Pictures aside, the data must be reproduced exactly.

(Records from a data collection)
──────────

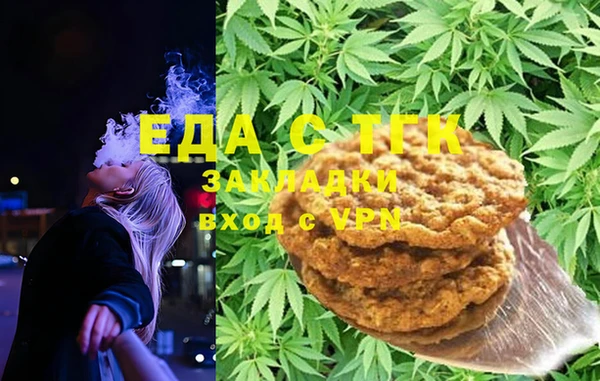мефедрон мука Михайловск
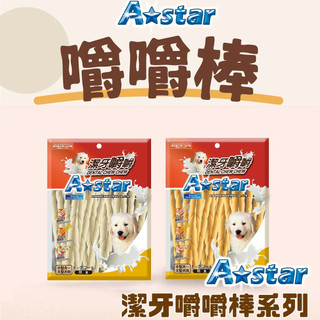 A Star 阿曼特 潔牙嚼嚼棒 潔牙嚼嚼棒 嚼嚼骨結 牛奶 起司 潔牙骨 袋裝 桶裝 狗潔牙骨 潔牙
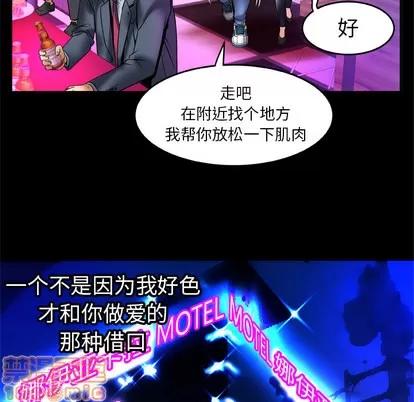 妻子的情人 妻子的情人 | 第62章 第15页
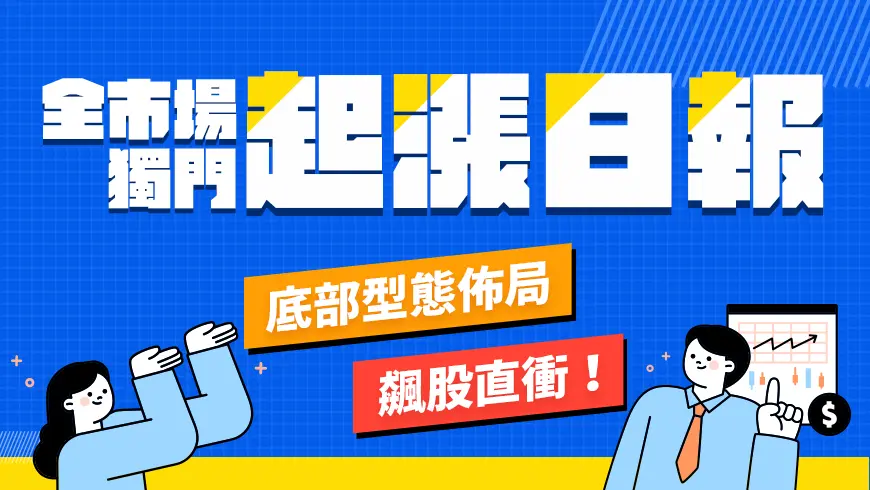 起漲日報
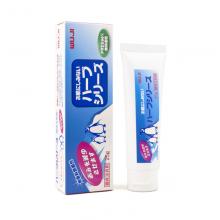 WUJI成人止痕膏25G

──────────

# RESULT OF THIS EXERCISE
мефедрон мука Михайловск
 A Star 阿曼特 潔牙嚼嚼棒 潔牙嚼嚼棒 嚼嚼骨結 牛奶 起司 潔牙骨 袋裝 桶裝 狗潔牙骨 潔牙
 妻子的情人 妻子的情人 | 第62章 第15页
 起漲日報
 WUJI成人止痕膏25G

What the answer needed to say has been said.